Levantei o olhar de meu prato e abri a boca olhando-o com a intenção de puxar conversa para um assunto agradável, para algo como "Nossa, como as estrelas estão brilhando esta noite, não acha?", mas ele foi mais rápido.
Por que me movimentei, agora eu sei que vai acabar.
- Kagome! –as mãos pesadas bateram contra a madeira da mesa enquanto o vi levantar e derrubar a cadeira – Eu não agüento mais isso, não posso mais.
"Inuyasha, espera. Eu agüento, eu sei que agüento... Não faça nada que venha a se arrepender depois." Era o que eu queria dizer, ao invés disso continuei com a boca aberta o olhando.
- Eu tenho outra pessoa, outra pessoa dentro da minha cabeça, outra pessoa dentro do meu coração. Eu não posso continuar com você enquanto penso na Ki-
Tive que corta-lo. Não podia continuar sentada ali e ouvir o nome dela escapar tão rápido por aqueles lábios que um dia já foram meus... Ou será que não? Espere... Há quanto tempo ele sente isso por ela? Há quando tempo ele me engana dessa forma e eu finjo nunca perceber? Há quanto tempo?!
Confusão? Mar de ressaca? Tempestade de areia? Tempestade de neve...
É... Uma tempestade de neve, assim como a que eu podia ver pelas grandes janelas da sala após virar meu rosto em extrema frustração e nojo após ter dito aquele nome.
- Kikyou. –levantei-me, mas não derrubei a cadeira como ele tivera feito, não. Eu não sou como ele. Sei que não sou.
- Kagome, eu... –ele estendeu seu braço direito em minha direção e abriu a mão, como se assim quisesse me alcançar. Eu não precisava estar olhando para perceber, eu sabia, só sabia.
- Calado! Não piore as coisas, não me faça chorar. Por favor, não me faça chorar, hoje não.
Cruzei meus braços apertando entre os dedos o pano vermelho das mangas de meu vestido natalino, e assim andei até mais perto das janelas vendo-as embaçadas e sentido o frio das mesmas.
Passei a palma da mão direita sobre o vidro em um movimento circular limpando-o.
- O que ela faz lá fora?
Não gritei. Não havia necessidade, ele podia muito bem ouvir minha voz tremula de onde estava.
- Prometi que tudo acabaria essa noite, e pedi que me esperasse.
Fazia sentido. Como me tratou o dia todo, como as coisas estavam acontecendo agora, é... Faz sentido, afinal.
Uma sombrinha japonesa vermelha estava cobrindo seu corpo encapotado pelas roupas de frio enquanto os longos cabelos negros e lisos balançavam de um lado para o outro enquanto fios da franja chicoteavam seu rosto. Pálida, está pálida.
- E o que ainda faz aqui? Não preciso ouvir mais nada, e nem dizer mais nada... Poupe-me de gastar minha voz essa noite. Poupe-me de sofrer esse ano. Não faça como sempre... Fuja dessa rotinha.
- Obrigado, Kagome... Você sempre foi um an-
Por Deus, quantas vezes vou ser obrigada a repetir isso?
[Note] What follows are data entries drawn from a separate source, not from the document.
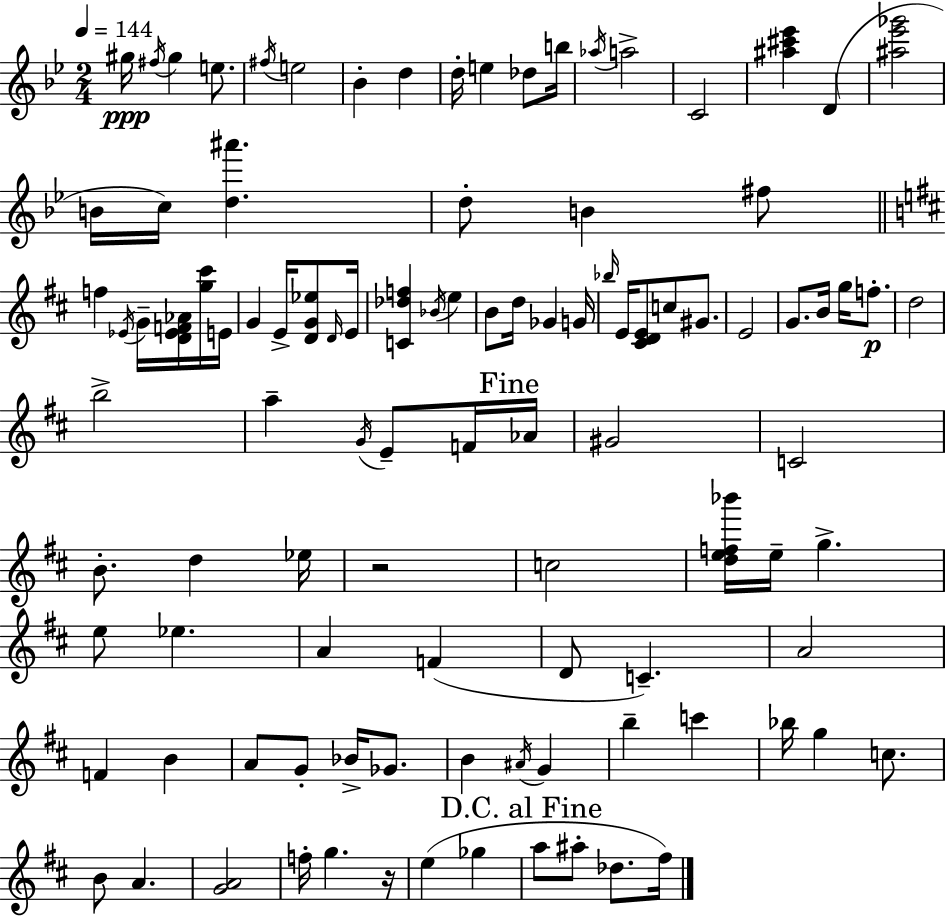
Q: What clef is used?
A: treble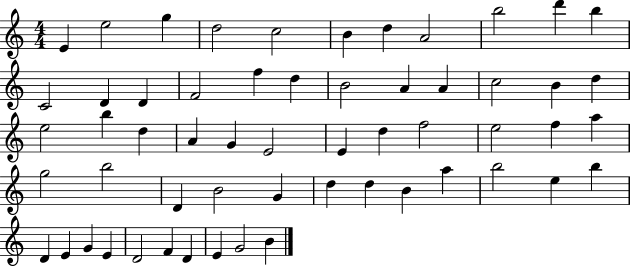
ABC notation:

X:1
T:Untitled
M:4/4
L:1/4
K:C
E e2 g d2 c2 B d A2 b2 d' b C2 D D F2 f d B2 A A c2 B d e2 b d A G E2 E d f2 e2 f a g2 b2 D B2 G d d B a b2 e b D E G E D2 F D E G2 B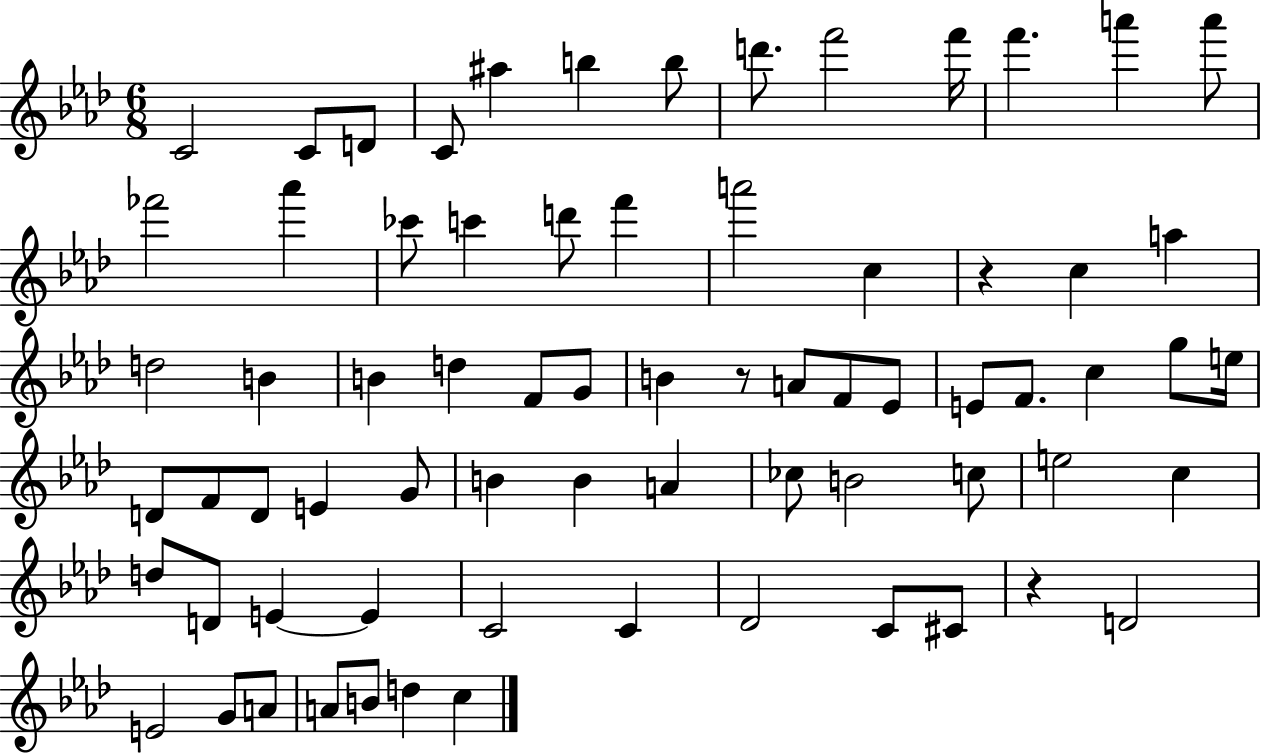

- Um anjo? Não, não sou... Agora, se puder dar licença de minha casa.
- Entendo, então... Isso é um adeus.
Caminhando até a porta do apartamento ele a abriu e saiu, mas antes de bater a porta ele sentiu algum remorso, foi o que pensei. Mas sabe... Eu me enganei, me enganei pela primeira vez essa noite.
Seus olhos ainda pesavam sobre meu corpo, corri até a porta e a empurrei com as lagrimas escorrendo.
- Idiota!
Gritei enquanto ouvi os passos alongarem-se pelo corredor.
Eu pedi, pedi que não me fizesse chorar essa noite. Mas então por quê? Por que não podia apenas sair sem me lançar aquele vago olhar de pena? Eu não sou digna de pena!
- ...ou sou?
Encostei-me na parede ao lado da porta e assim escorreguei até o chão. Dobrei as pernas e escondi o rosto entre as mãos sentindo as pontas molhadas do meu cabelo colando em meu rosto frio de nariz vermelho.
A porta rangeu. Quem era? Já não sabia mais.
Puxei o olhar para o lado e vi os sapatos molhados de neve parar ao meu lado.
"Quem é esse?" Perguntei-me.
Braços fortes me apertaram e ergueram meu corpo. Meu rosto encostado em seu peito. O coração batia rápido e seu corpo exalava um calor bastante confortável.
Parei. Parei de chorar. Eu realmente precisava daquilo? Acho que não.
- Kagome... –a voz penetrou suave em meu ouvido e posso dizer que me senti segura, mas não firme.
Agora eu sabia, sabia quem era...
- Kouga.
- Desculpe se cheguei tarde demais.
Suas mãos firmes acariciavam meu cabelo enquanto eu lentamente subi meus braços segurando os dele e finalmente pude encará-lo.
- Como ass-
Ele me cortou. Me cortou? Mas como? Ninguém nunca me corta.
- Não queria ver você chorar esse ano, de novo... Desculpe a demora, mas agora estou aqui.
E me beijou. Beijou... É, acho que realmente isso é um beijo. O meu primeiro verdadeiro beijo. Agora eu podia sentir, sentir o sentimento que passava de um para o outro. O calor.
Eu voltei a sentir, sentir de verdade. O que é me apaixonar.
FIM.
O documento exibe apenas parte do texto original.